(Extracted material)
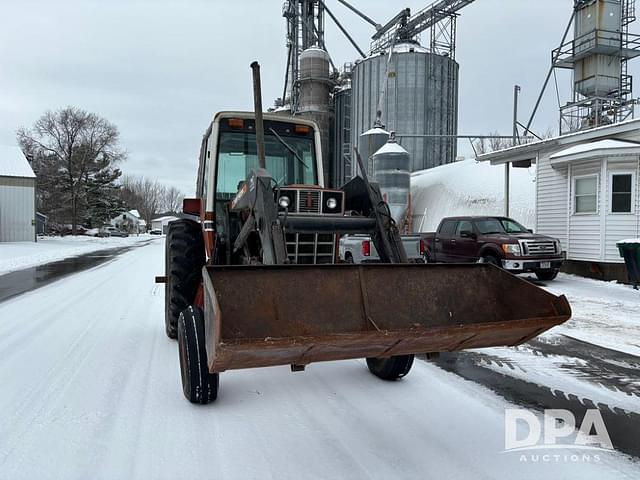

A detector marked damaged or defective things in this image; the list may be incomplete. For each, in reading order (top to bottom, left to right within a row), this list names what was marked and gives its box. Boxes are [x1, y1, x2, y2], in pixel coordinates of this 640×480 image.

rusty loader bucket [201, 260, 568, 374]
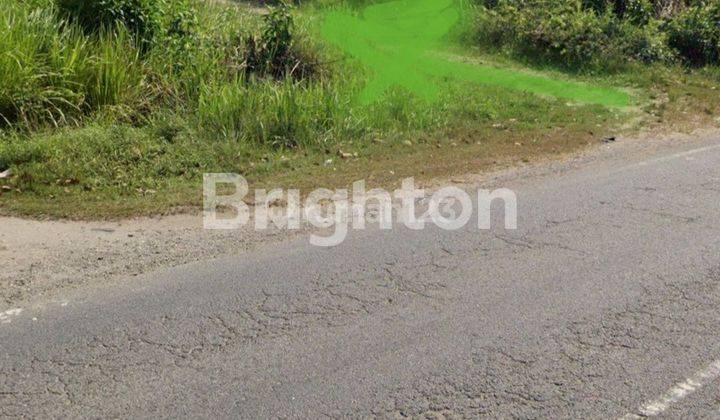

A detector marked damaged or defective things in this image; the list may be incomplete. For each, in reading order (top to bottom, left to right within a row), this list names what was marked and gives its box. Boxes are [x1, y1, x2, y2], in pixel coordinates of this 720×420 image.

cracked asphalt road [1, 135, 720, 416]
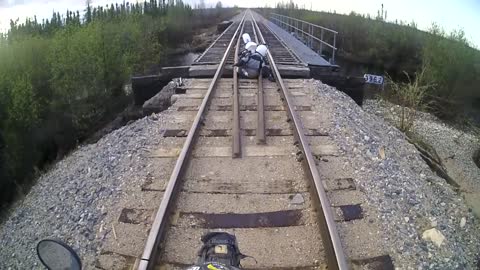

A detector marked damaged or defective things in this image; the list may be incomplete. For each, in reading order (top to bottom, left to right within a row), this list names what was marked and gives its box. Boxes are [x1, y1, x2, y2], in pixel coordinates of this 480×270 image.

rusty rail [137, 12, 246, 270]
rusty rail [249, 10, 346, 270]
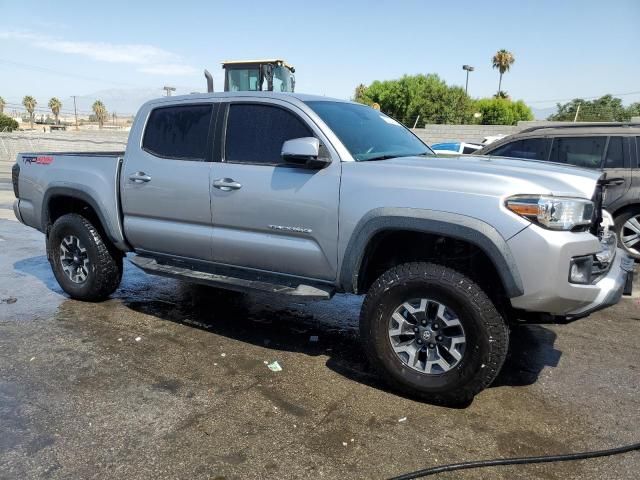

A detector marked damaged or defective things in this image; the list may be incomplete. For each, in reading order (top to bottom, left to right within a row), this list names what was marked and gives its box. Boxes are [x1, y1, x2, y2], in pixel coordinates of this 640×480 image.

cracked concrete ground [0, 174, 636, 478]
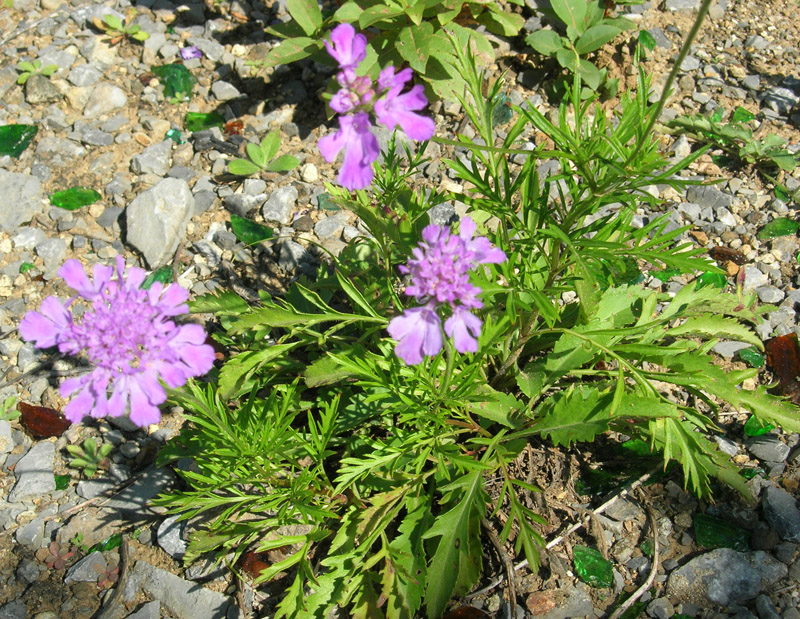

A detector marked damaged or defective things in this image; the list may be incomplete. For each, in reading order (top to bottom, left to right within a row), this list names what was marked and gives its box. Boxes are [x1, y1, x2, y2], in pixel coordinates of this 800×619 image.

broken green glass [152, 63, 198, 101]
broken green glass [184, 112, 225, 133]
broken green glass [0, 124, 37, 159]
broken green glass [166, 128, 184, 144]
broken green glass [50, 186, 101, 211]
broken green glass [231, 214, 276, 246]
broken green glass [756, 219, 800, 241]
broken green glass [144, 262, 175, 290]
broken green glass [696, 272, 728, 290]
broken green glass [736, 348, 764, 368]
broken green glass [740, 414, 772, 438]
broken green glass [692, 512, 752, 552]
broken green glass [576, 548, 612, 588]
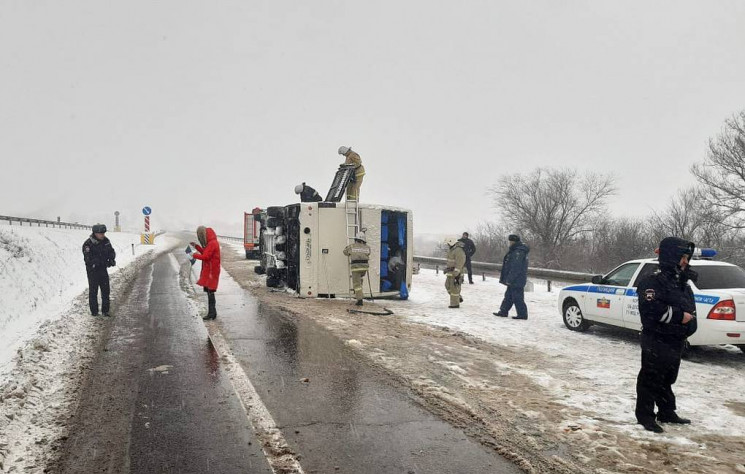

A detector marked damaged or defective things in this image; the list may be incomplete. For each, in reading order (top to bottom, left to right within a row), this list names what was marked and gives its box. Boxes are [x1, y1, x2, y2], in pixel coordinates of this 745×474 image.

overturned bus [253, 203, 410, 300]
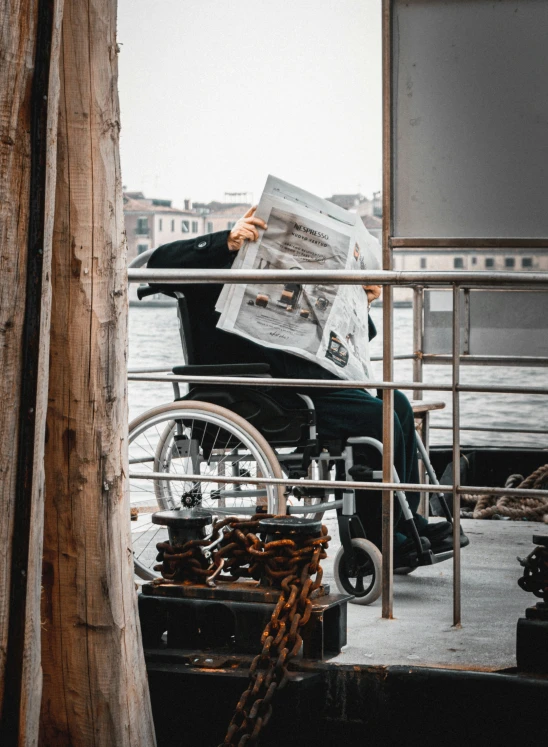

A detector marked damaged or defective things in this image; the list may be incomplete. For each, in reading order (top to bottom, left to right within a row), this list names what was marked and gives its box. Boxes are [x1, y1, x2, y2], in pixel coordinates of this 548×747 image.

rusty chain [153, 516, 330, 744]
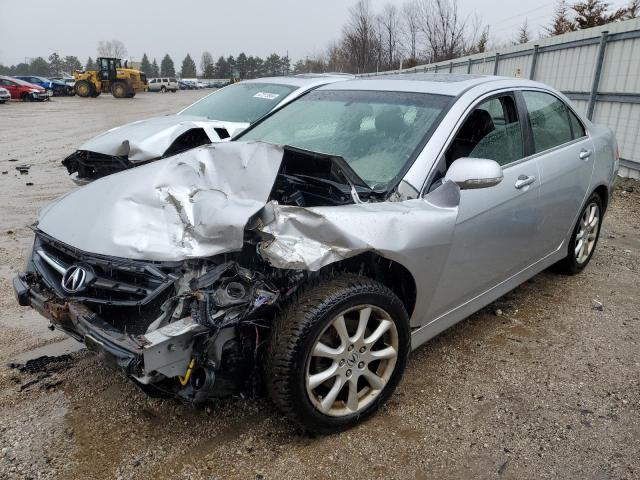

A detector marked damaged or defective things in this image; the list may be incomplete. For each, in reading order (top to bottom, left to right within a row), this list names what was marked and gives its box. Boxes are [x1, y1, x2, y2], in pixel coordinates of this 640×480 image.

crumpled hood [78, 115, 250, 163]
damaged silver car [62, 74, 352, 184]
crumpled hood [37, 142, 282, 260]
damaged silver car [13, 74, 616, 432]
(End Extracted material)
● What is expected: All lines from the line with "this 800×619 image." through the final line of the data, both included, are to be repeated exactly; no other lines and no pictures.

● Problem solution:
A detector marked damaged or defective things in this image; the list may be incomplete. For each, in reading order (top to bottom, left to right within a row), this list names what was marked and gives its box. Boxes are [x1, y1, x2, y2], in pixel coordinates of this 800×619 image.

broken green glass [152, 63, 198, 101]
broken green glass [184, 112, 225, 133]
broken green glass [0, 124, 37, 159]
broken green glass [166, 128, 184, 144]
broken green glass [50, 186, 101, 211]
broken green glass [231, 214, 276, 246]
broken green glass [756, 219, 800, 241]
broken green glass [144, 262, 175, 290]
broken green glass [696, 272, 728, 290]
broken green glass [736, 348, 764, 368]
broken green glass [740, 414, 772, 438]
broken green glass [692, 512, 752, 552]
broken green glass [576, 548, 612, 588]

A detector marked damaged or defective things in this image; the list may be incomplete. For each, in reading order (top to bottom, left to right within a row), this list names what was marked and gives its box. Boxes are [x1, y1, x2, y2], in pixel coordinates of this 745×474 image.

overturned bus [253, 203, 410, 300]

A detector marked damaged or defective things in this image; the list may be incomplete. For each, in reading order (top to bottom, left to right within a row), this list names what was marked and gives its box. Boxes are [x1, y1, x2, y2], in pixel coordinates of this 548×747 image.

rusty chain [153, 516, 330, 744]

A detector marked damaged or defective things in this image; the list may be incomplete. For each, in reading order (top to bottom, left to right within a row), this list names what was marked and gives its box. Boxes are [x1, y1, x2, y2], in pixel coordinates of this 640×480 image.

crumpled hood [78, 115, 250, 163]
damaged silver car [62, 74, 352, 184]
crumpled hood [37, 142, 282, 260]
damaged silver car [13, 74, 616, 432]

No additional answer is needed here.